:: DATA ::
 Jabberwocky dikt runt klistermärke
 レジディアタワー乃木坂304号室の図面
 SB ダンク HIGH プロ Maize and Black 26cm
:::
## PROBLEM
All the data above must be copied again. Leave nothing out.

## ANSWER SPACE
 Jabberwocky dikt runt klistermärke
 レジディアタワー乃木坂304号室の図面
 SB ダンク HIGH プロ Maize and Black 26cm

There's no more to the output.